(Recorded data Opens)
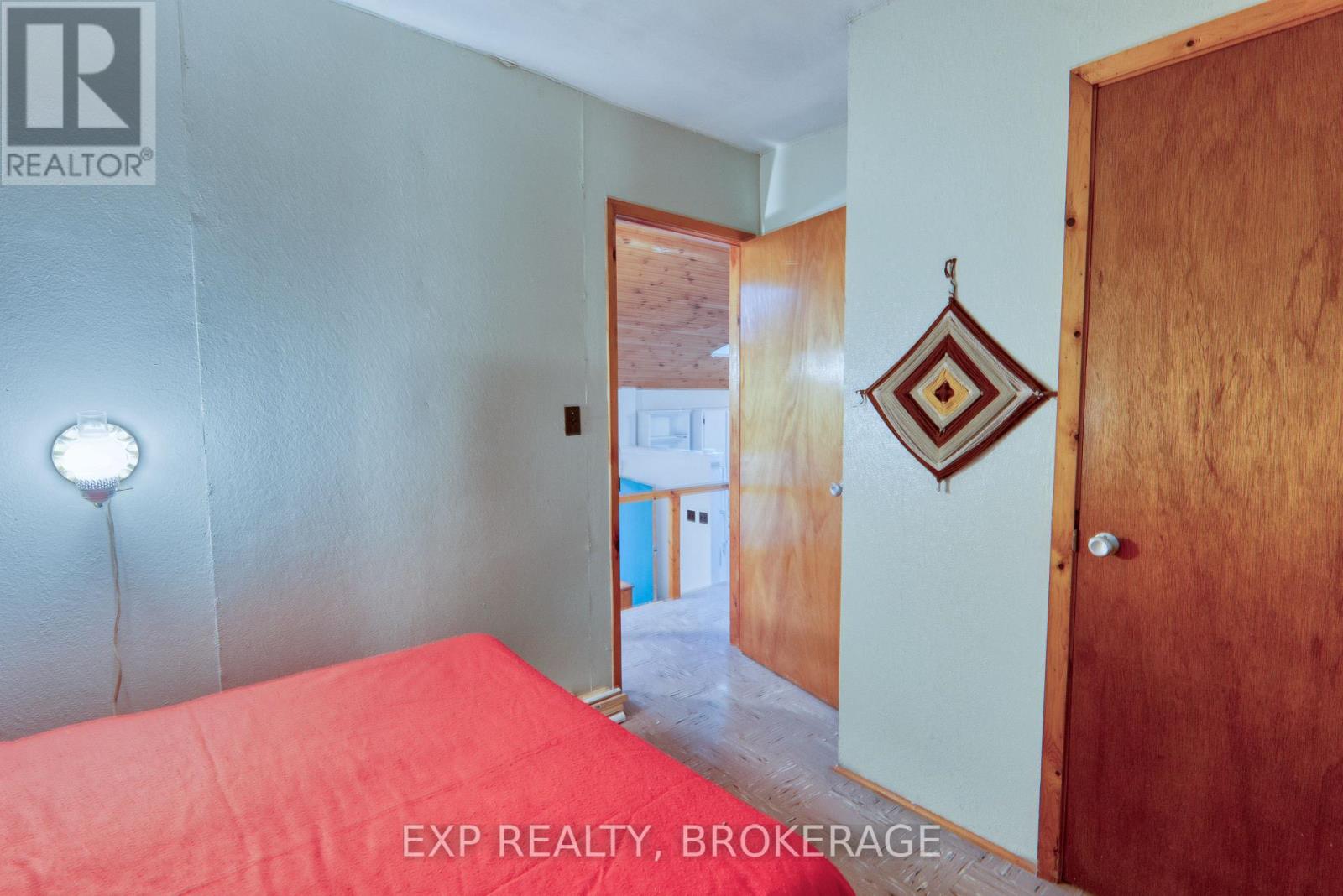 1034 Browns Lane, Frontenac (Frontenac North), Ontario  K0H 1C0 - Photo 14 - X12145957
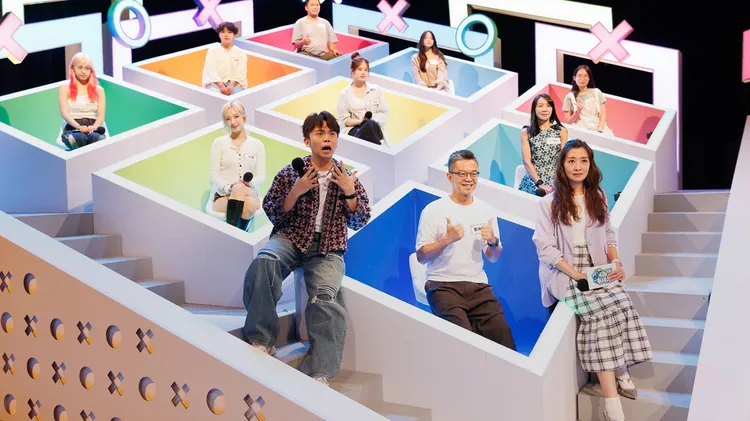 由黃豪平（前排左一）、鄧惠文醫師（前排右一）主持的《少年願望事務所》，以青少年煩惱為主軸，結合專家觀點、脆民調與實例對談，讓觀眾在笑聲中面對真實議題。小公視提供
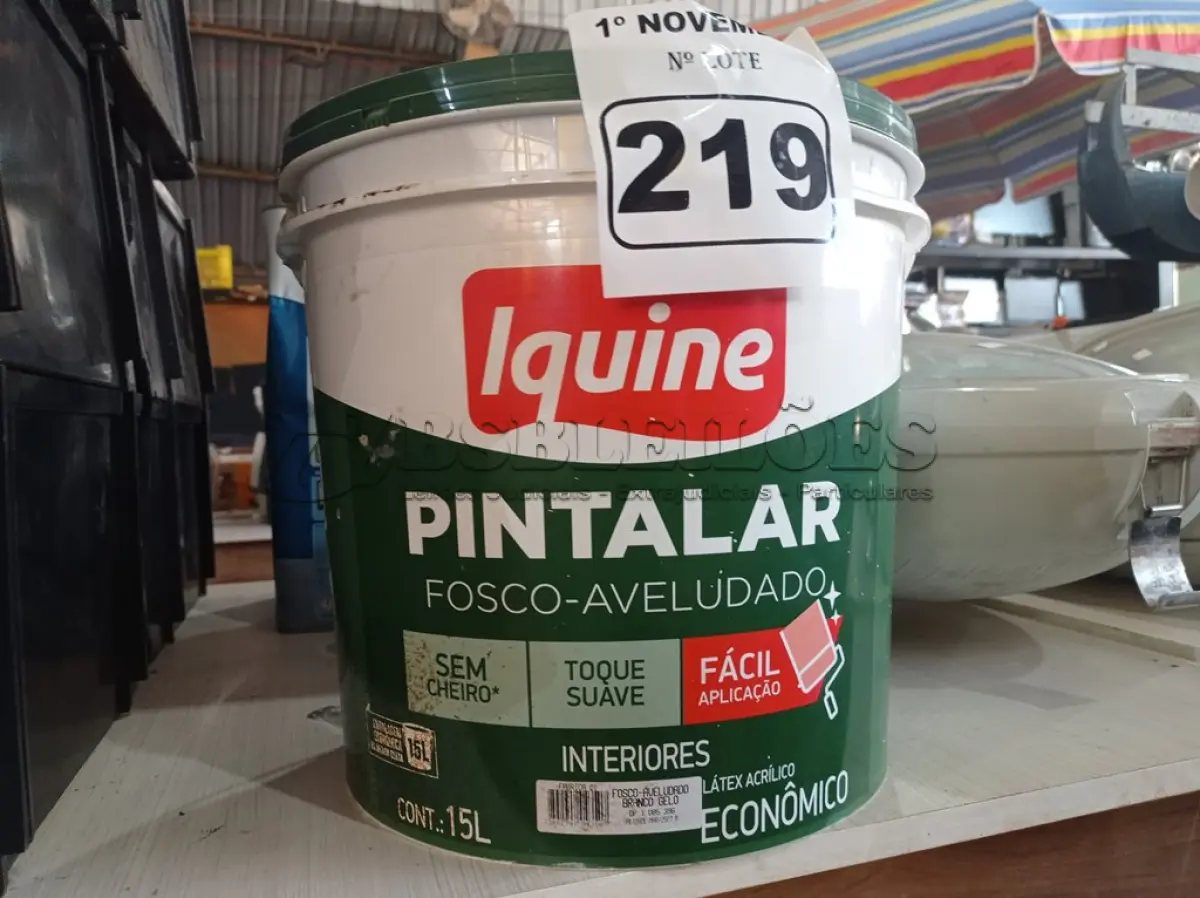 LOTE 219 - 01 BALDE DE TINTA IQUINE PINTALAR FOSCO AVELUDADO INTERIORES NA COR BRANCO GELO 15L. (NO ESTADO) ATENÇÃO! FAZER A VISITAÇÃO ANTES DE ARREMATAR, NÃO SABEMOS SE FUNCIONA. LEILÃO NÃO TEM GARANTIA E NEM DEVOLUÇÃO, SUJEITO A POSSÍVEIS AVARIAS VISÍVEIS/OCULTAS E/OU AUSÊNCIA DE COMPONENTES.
(Recorded data Closes)
Instructions for the task - Please restate the data word for word, leaving out any picture it holds.

Output for this exercise -
 1034 Browns Lane, Frontenac (Frontenac North), Ontario  K0H 1C0 - Photo 14 - X12145957
 由黃豪平（前排左一）、鄧惠文醫師（前排右一）主持的《少年願望事務所》，以青少年煩惱為主軸，結合專家觀點、脆民調與實例對談，讓觀眾在笑聲中面對真實議題。小公視提供
 LOTE 219 - 01 BALDE DE TINTA IQUINE PINTALAR FOSCO AVELUDADO INTERIORES NA COR BRANCO GELO 15L. (NO ESTADO) ATENÇÃO! FAZER A VISITAÇÃO ANTES DE ARREMATAR, NÃO SABEMOS SE FUNCIONA. LEILÃO NÃO TEM GARANTIA E NEM DEVOLUÇÃO, SUJEITO A POSSÍVEIS AVARIAS VISÍVEIS/OCULTAS E/OU AUSÊNCIA DE COMPONENTES.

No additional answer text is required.